Such a question indicates that intelligible genders and sexualities are those that are displaced through a continuist and naturalized logic between sex-gender-sexuality. Thus, one can visualize the arbitrary character of the categories created to describe the ways of being and living as there are many lives in physical education in schools, for example, which occupy the place of discontinuity, incoherence and non-humanity. Before we specifically discuss school practices of Physical Education discipline, we need to situate the importance of the notion of performativity for the theorizations about gender developed by Butler9.

For Butler (1993), the production of gender identity can be analyzed as a matter of performativity. As performative utterances carry out the action described at the time of their naming, for the author, when dealing with gender norms, expressions are always performative. Jonathan Culler (1997) refers to the discussions undertaken by Butler on gender performativity, defining this concept as “compulsory repetition of gender norms that animate and constrain the gendered subject [...] but which are also the resources from which resistance, subversions and displacement are forged” (CULLER, 1997, p. 103). Therefore, asking yourself about the production of bodies in physical education in schools is to focus on the action of gender norms, on how this action occurs in a repetitive and replayed way.

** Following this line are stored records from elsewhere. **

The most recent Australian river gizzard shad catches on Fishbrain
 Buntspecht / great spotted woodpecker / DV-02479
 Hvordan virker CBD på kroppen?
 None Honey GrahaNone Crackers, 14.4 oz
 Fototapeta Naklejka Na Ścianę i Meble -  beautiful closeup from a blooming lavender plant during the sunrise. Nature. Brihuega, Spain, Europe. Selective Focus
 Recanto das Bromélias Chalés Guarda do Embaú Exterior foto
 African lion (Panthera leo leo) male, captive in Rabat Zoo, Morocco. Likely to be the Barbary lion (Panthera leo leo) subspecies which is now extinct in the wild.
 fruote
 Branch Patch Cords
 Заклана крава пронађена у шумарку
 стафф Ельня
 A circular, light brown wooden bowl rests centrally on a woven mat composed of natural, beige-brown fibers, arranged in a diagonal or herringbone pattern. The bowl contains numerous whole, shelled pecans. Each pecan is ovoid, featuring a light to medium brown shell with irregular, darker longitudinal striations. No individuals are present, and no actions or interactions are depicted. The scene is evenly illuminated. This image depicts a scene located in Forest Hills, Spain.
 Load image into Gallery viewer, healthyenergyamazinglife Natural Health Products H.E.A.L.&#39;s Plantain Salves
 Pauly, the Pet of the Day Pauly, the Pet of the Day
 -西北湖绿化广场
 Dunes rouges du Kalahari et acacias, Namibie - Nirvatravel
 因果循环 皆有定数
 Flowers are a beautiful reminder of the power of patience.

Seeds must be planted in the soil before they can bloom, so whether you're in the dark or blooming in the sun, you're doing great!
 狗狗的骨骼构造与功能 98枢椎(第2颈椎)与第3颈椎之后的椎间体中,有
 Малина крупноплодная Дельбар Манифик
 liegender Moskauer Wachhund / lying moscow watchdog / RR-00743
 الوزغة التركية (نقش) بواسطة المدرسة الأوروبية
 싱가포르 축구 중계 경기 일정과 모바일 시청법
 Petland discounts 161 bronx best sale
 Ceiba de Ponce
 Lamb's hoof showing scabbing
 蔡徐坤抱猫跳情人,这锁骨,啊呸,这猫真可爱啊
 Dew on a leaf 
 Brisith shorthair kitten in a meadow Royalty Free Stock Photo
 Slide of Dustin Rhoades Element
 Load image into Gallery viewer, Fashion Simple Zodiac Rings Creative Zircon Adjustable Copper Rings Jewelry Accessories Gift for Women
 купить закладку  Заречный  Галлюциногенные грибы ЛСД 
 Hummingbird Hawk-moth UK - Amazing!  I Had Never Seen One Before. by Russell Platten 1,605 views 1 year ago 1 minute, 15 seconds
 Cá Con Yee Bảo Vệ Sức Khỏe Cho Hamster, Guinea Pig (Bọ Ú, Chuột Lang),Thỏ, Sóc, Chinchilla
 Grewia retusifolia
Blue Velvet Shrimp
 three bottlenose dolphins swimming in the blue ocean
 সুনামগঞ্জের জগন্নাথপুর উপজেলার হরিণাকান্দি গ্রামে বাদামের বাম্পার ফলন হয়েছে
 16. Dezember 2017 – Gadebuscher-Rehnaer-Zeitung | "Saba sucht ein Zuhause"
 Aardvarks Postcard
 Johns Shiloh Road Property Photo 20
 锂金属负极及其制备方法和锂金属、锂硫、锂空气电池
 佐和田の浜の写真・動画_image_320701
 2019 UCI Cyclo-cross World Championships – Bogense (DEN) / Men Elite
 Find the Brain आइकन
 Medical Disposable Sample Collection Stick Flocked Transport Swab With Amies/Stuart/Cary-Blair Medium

However, the effectiveness of gender performativity is not complete, nor dwells in full and once and for all subjects, who therefore are necessarily and repeatedly produced10. An analysis of the regulation processes of bodies in the physical education in schools should also evidence the recitations that operate resistance and possible counter-conducts at the core of heteronormativity. This means considering the possibility of analyzing disaccomodation and movements from possible zones of abjection11, like a destabilizing return to regulatory gender norms that define such zones.

(Hetero)normalization of gender and sexuality: an analysis of sex and age

In this last part of the article, we shall analyze the production of (hetero)normalization of gender and sexuality in the fabric of school education. In this sense, we are interested in understanding what prescriptions and (perform)actions are called into action in Physical Education in schools, focusing on three related categories: gender, sexuality and age. How do these categories cross and influence normative practices that fix models of intelligibility and hence of corporeality and age for school subjects?

To be able to address this issue, we present some of the results of a study12 which examined the pedagogical practices of Physical Education in schools in the interior of Bahia state, specifically in Vale do Jiquiriçá region13. We have invested in making visible the relationship between the (hetero)norm and the production of (im)possible, (not) viable and (in)explainable subjects in schools from a gender sexuality-age discursive network.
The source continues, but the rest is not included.